OCaml Parser combinator library as powerful as fastparse(Scala)?

@aryx

As promised the working definition of a combinator parser based on the library
fmlib.

First the abstract syntax (which I have slightly modified from your post):

(* Abstract syntax *)
type expression =
    | Literal of int
    | Variable of string
    | Plus of expression * expression
    | Lambda of string list * statement list

and statement =
    | Return of expression
    | If of expression * statement list * statement list
    | Assign of string * expression

and definition =
    string * string list * statement list


(* We want to parse a definition, therefore the final type is a definition *)
module Final =
struct
    type t = definition
end

Now the parser module

module Parse =
struct
    include Fmlib_parse.Character.Make (Unit) (Final) (String)

    module String_set = Set.Make (String)

    let keywords: String_set.t =
        String_set.(empty |> add "if" |> add "return" |> add "lambda")


    let whitespace: int t =
        skip_zero_or_more (char ' ' </> char '\n' </> char '\r')


    let keyword (kw: string): string t =
        let* str = backtrack (string kw) kw in
        let* _   = whitespace in
        return str


    (* A raw identifier is a string starting with letter, followed by zero or
     * more letters, digits or underscores. *)
    let raw_name: string t =
        let* first = letter in
        zero_or_more
            (String.make 1 first)
            (fun c str -> str ^ String.make 1 c)
            (letter </> range '0' '9'  </> char '_')

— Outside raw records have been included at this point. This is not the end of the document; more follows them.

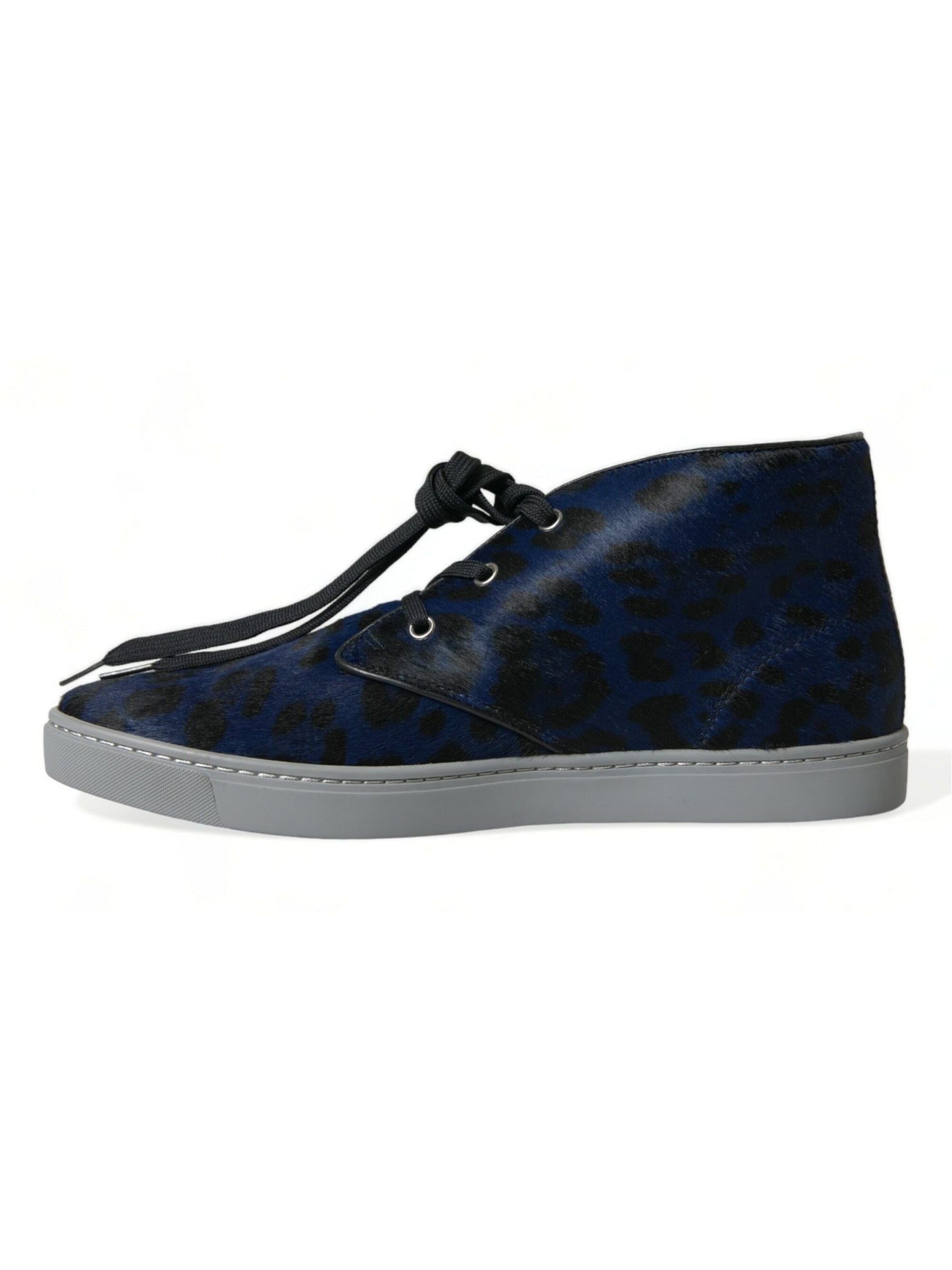 Dolce&Gabbana · Високи кецове · Син | DontMiss.bg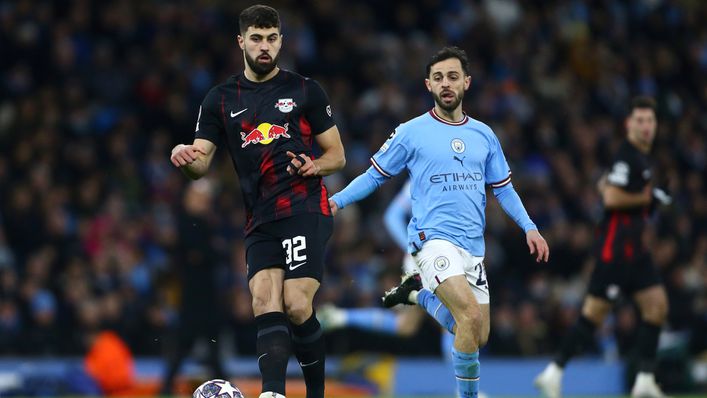 Manchester City remain in the hunt for Josko Gvardiol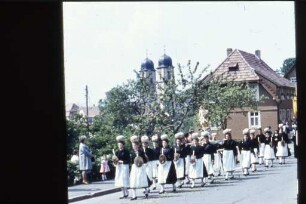 Fronleichnam in St. Märgen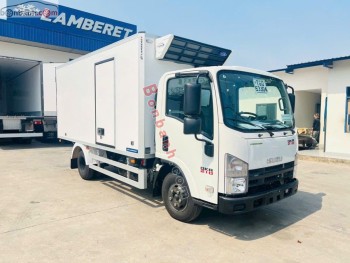 Bán ô tô Isuzu QKR QMR77HE5A Cool Express - 2026 - xe mới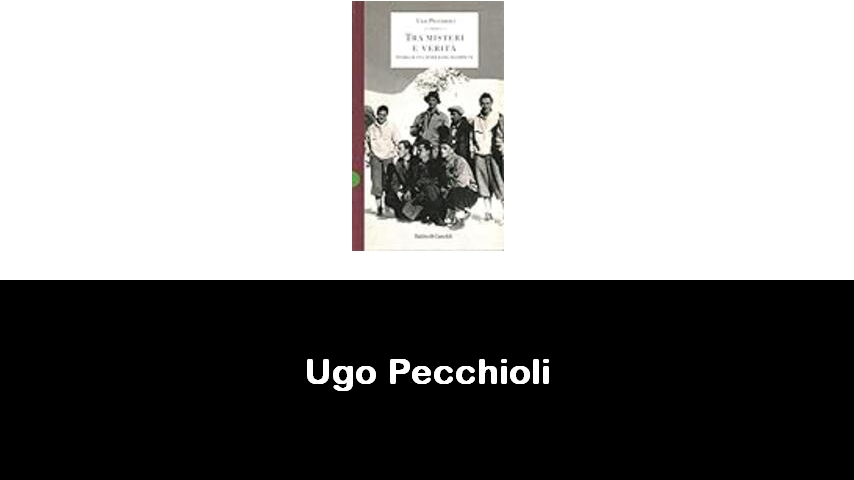 libri di Ugo Pecchioli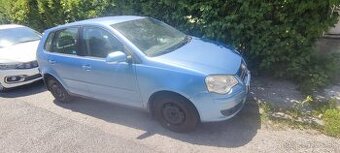 Vw Polo 1.4 benzín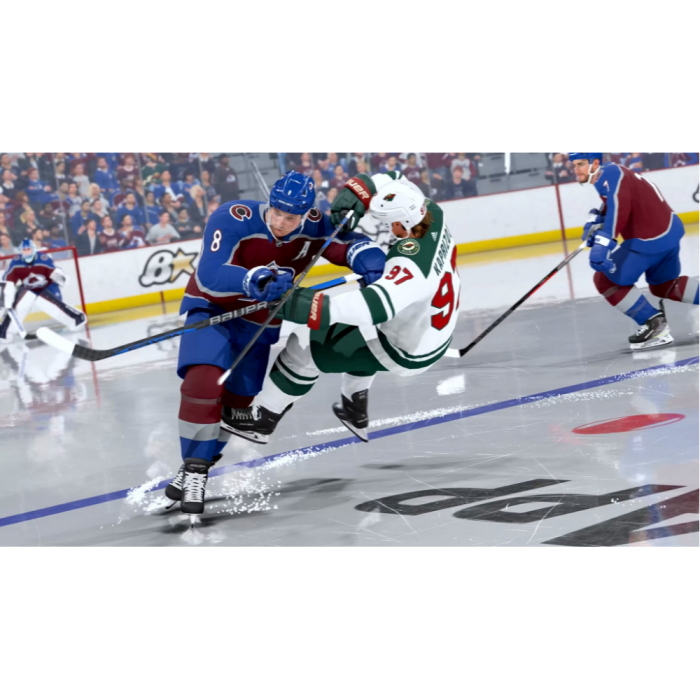 Игры PlayStation 5: EA SPORTS NHL 24 от EA Sports в магазине GameBuy, номер фото: 7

    (* An identifier is a raw identifier which is not a keyword. Whitespace is
     * stripped. *)
    let identifier: string t =
        let* id =
            backtrack
                (
                    let* name = raw_name in
                    if String_set.mem name keywords then
                        unexpected "identifier"
                    else
                        return name
                )
                "identifier"
        in
        let* _ = whitespace in
        return id


    (* Digit sequence with whitespace stripped. *)
    let number: expression t =
        let* n =
            one_or_more
                Fun.id
                (fun n d -> 10 * n + d)
                digit
        in
        let* _ = whitespace in
        return (Literal n)


    (* [p1] and [p2] are the opening and closing parentheses. *)
    let parenthesized (p1: char) (p2: char) (p: unit -> 'a t): 'a t =
        let* _ = char p1 in
        let* _ = whitespace in
        let* a = p () in
        let* _ = whitespace in
        let* _ = char p2 in
        let* _ = whitespace in
        return a


    (* '(' name1, name2, ... ')' *)
    let formal_arguments: string list t =
        let separator =
            let* _ = char ',' in
            whitespace
        in
        parenthesized
            '('
            ')'
            (fun () ->
                 let* lst =
                     one_or_more_separated
                         (fun first -> [first])
                         (fun lst _ nxt -> nxt :: lst)
                         identifier
                         separator
                     </>
                     return []
                 in
                 return (List.rev lst))


    (* Now the mutual recursive definition of [expression], atomic expression,
     * statement and statement list. *)
    let rec expression (): expression t =
        let plus =
            let* _ = char '+' in
            whitespace
        in
        one_or_more_separated
            Fun.id
            (fun e1 _ e2 -> Plus (e1, e2))
            (atomic ())
            plus


    and atomic (): expression t =
        number
        </>
        (
            let* id = identifier in
            return (Variable id)
        )
        </>
        (
            let* _ = keyword "lambda" in
            let* fargs = formal_arguments in
            let* stmts = statements () in
            return (Lambda (fargs, stmts))
        )
        </>
        parenthesized '(' ')' expression

    and statement (): statement t =
        (
            let* _ = keyword "return" in
            let* e = expression () in
            return (Return e)
        )
        </>
        (
            let* _ = keyword "if" in
            let* bexp = parenthesized '(' ')' expression in
            let* stmts1 = statements () in
            let* _ = keyword "else" in
            let* stmts2 = statements ()
            in
            return (If (bexp, stmts1, stmts2))
        )
        </>
        (
            let* id = identifier in
            let* _  = char '=' in
            let* _  = whitespace in
            let* expr = expression () in
            return (Assign (id, expr))
        )


    and statements (): statement list t =
        parenthesized
            '{'
            '}'
            (fun () ->
                 let* statements =
                     one_or_more_separated
                         (fun stmt -> [stmt])
                         (fun stmts _ nxt -> nxt :: stmts)
                         (statement ())
                         (let* _ = char ';' in whitespace)
                 in
                 return (List.rev statements))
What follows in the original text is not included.